= Sterling Clarren =

American medical researcher

Sterling K. Clarren is one of the world's leading researchers into fetal alcohol spectrum disorder (FASD), an umbrella term encompassing fetal alcohol syndrome (FAS), alcohol-related neurodevelopmental disorder, static encephalopathy:alcohol exposed and prenatal alcohol exposed. He was the Robert A. Aldrich Professor of Pediatrics at the University of Washington School of Medicine in Seattle, Washington, and doctor for the university's FAS diagnostic and prevention clinic prior to becoming the CEO and Scientific Director of the Canada FASD Research Network.

Clarren has studied FASD since 1975 and helped to establish the definitions of FAS and FAE. He wrote the first article on the neuropathology of FAS, and developed the first non-human primate model for studying dose-response. He has testified about FASD before the United States Congress and the Washington State Legislature.

==Education==
Clarren received his bachelor's from Yale University and his MD from the University of Minnesota. His postgraduate training was in pediatrics, and fellowship training was in neuroembryology, teratology, and dysmorphology at the University of Washington.

==Professional life==
Clarren is a fellow of the American Academy of Pediatrics, the American Association for the Advancement of Science, a past president of the FAS study group for the Research Society on Alcoholism, past president of the West Coast Teratology Society, and a member of the Society for Pediatric Research, New York Academy of Science, the Teratology Society.

He has received funding from the National Institute on Alcohol Abuse and Alcoholism, the Centers for Disease Control, the Glaser Foundation, and the March of Dimes. He has published over 100 scholarly papers.

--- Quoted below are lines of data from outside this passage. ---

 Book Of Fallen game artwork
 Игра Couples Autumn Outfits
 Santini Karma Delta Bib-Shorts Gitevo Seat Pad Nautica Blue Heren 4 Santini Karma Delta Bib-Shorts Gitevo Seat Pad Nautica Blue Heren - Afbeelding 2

Clarren is currently working as a clinical professor for the Centre for Community Child Health Research at the Child and Family Research Institute in Vancouver, B.C., Canada.

==Papers==
- Clarke, MP, Tough SC, Hicks M, Cook J, Foulkes E, Clarren SK. (2005). "Attitudes and approaches of Canadian providers to preconception counseling and the prevention of fetal alcohol spectrum disorders." Journal of FAS International.
- Clarke, MP, Tough SC, Hicks M, Cook J, Foulkes E, Clarren SK. (2005). "Approaches of Canadian providers the diagnosis of fetal alcohol spectrum disorders." Journal of FAS International.
- Astley, SJ, Stachowiak J, Clarren SK, Clausen C. (2002). "Application of the fetal alcohol syndrome facial photographic screening tool in a foster care population." J. Pediatrics, 141:712-17.
- Clarren, SK, Randels SP, Sanderson M, Fineman RM. (2001). "Screening for Fetal Alcohol Syndrome in primary schools – a feasibility study." Teratology, 63:3-10.
- Miller, RI, Clarren SK. (2000). "Long term developmental outcomes in patients with deformational plagiocephaly." Pediatrics, 105:417(e26).

==Books and chapters==
- Clarren, SK. "Alcohol teratogenesis and fetal alcohol syndrome." In L. Osborn, T. DeWitt, L. First. (eds.). Comprehensive Pediatrics. St. Louis : Harcourt Press, in press 2004.
- Clarren SK. "Fetal alcohol syndrome & fetal alcohol spectrum disorders." In: M.L. Wolrich. (ed.). Disorders of Development & Learning. Hamilton, Ontario : BC Decker, 2003.
- Clarren SK, Astley SJ. "Fetal Alcohol Syndrome". In: S.B. Cassidy and J. Allanson J. (eds.). Clinical Management of Common Genetic Syndromes. New York : Wiley and Sons, 2001.
- Clarren, SK. "Attention deficit hyperactivity disorder in the context of alcohol exposure in utero". In: P. Accardo, T.A. Blondis, B. Whitman, M.A. Stein. (eds.). Attention Deficits and Hyperactivity in Children and Adults, 2nd Edition. New York : Marcel Dekker, Inc., 2000.
- Astley SJ, Clarren SK. Diagnostic Guide for Fetal Alcohol Syndrome and Related Conditions: The 4-Digit Diagnostic Code. 2nd Edition University of Washington Press, Seattle, Washington, 1999.